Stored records
________________________________________

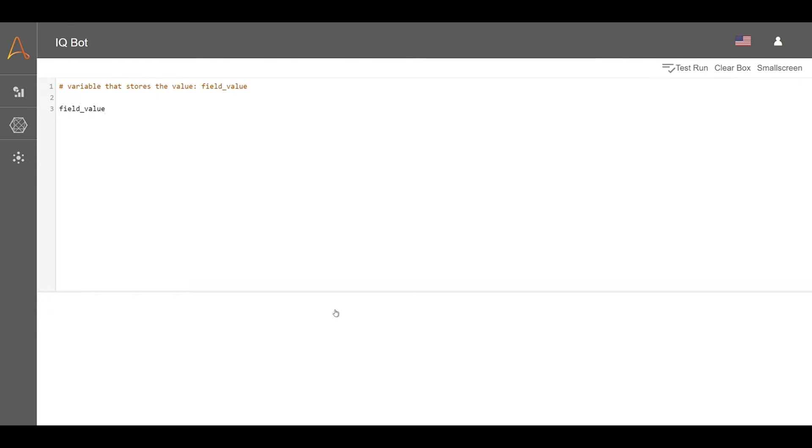In the code box, we can take the variable that stores the current extracted value, called field_value, and apply Python functions to change the value.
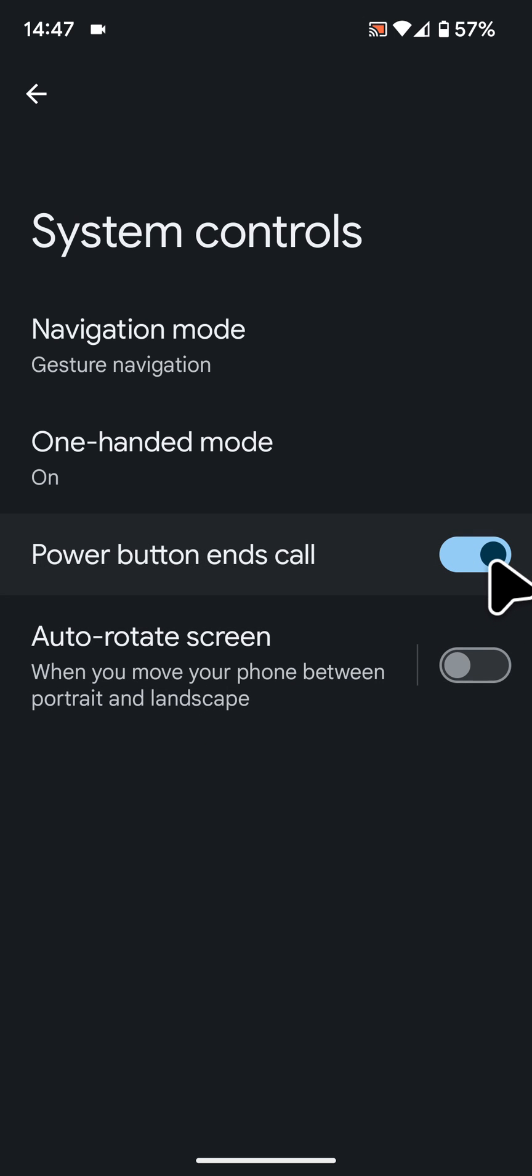Now next time you want to end your call, all you need to do is press the power button. You can also use the same power button to lock your phone.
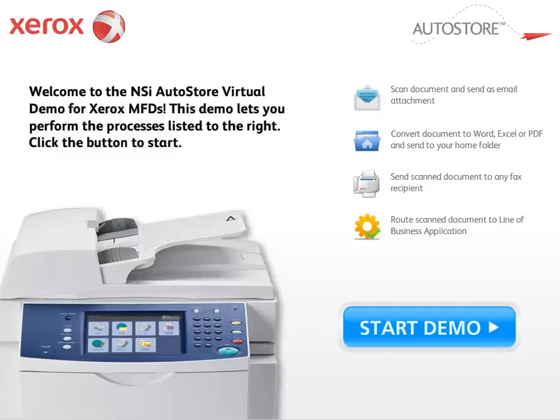Hi and thanks for taking a look at this virtual demonstration highlighting the capabilities of NSI AutoStore running on a Xerox MFD.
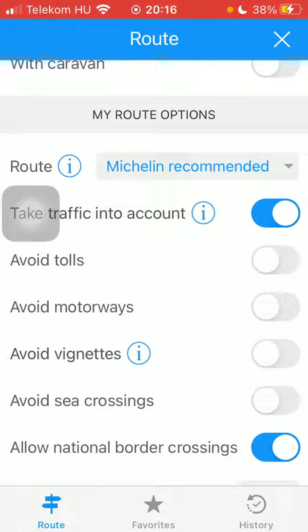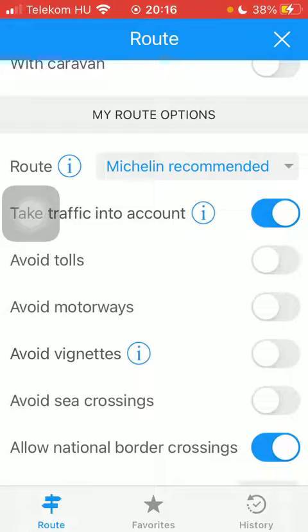Here you can set the route such as Michelin recommended, faster, shorter, discover, or economic. Then you can enable the take traffic into account feature.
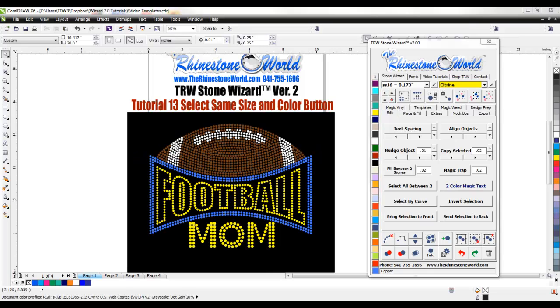Hey there TRW crew, Matt Masalo here with TheRidingStoneWorld.com and this TRW Stone Wizard Version 2 tutorial is going to walk you through tutorial number 13, our Select Same Size and Color button.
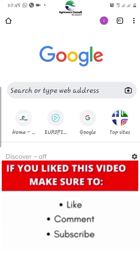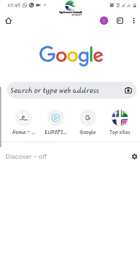When you first load the Google page, it will come out like this. To locate where you'll find Google Forms, you will click this home button.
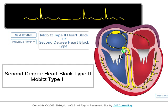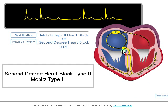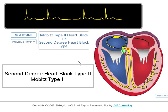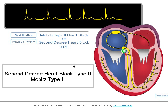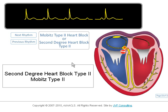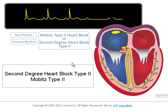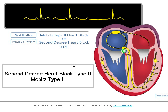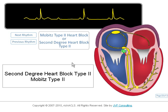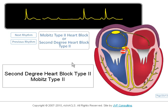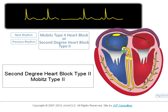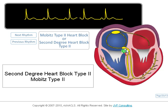The possible complication of progression to complete heart block makes type II a much more serious situation. Type II heart block is caused by damage to the AV node from disease or ischemia.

________________________________________

TASK PROMPT: Your reply is the full set of entries reproduced exactly, with images omitted.

RESULT:
In the code box, we can take the variable that stores the current extracted value, called field_value, and apply Python functions to change the value.
Now next time you want to end your call, all you need to do is press the power button. You can also use the same power button to lock your phone.
Hi and thanks for taking a look at this virtual demonstration highlighting the capabilities of NSI AutoStore running on a Xerox MFD.
Here you can set the route such as Michelin recommended, faster, shorter, discover, or economic. Then you can enable the take traffic into account feature.
Hey there TRW crew, Matt Masalo here with TheRidingStoneWorld.com and this TRW Stone Wizard Version 2 tutorial is going to walk you through tutorial number 13, our Select Same Size and Color button.
When you first load the Google page, it will come out like this. To locate where you'll find Google Forms, you will click this home button.
The possible complication of progression to complete heart block makes type II a much more serious situation. Type II heart block is caused by damage to the AV node from disease or ischemia.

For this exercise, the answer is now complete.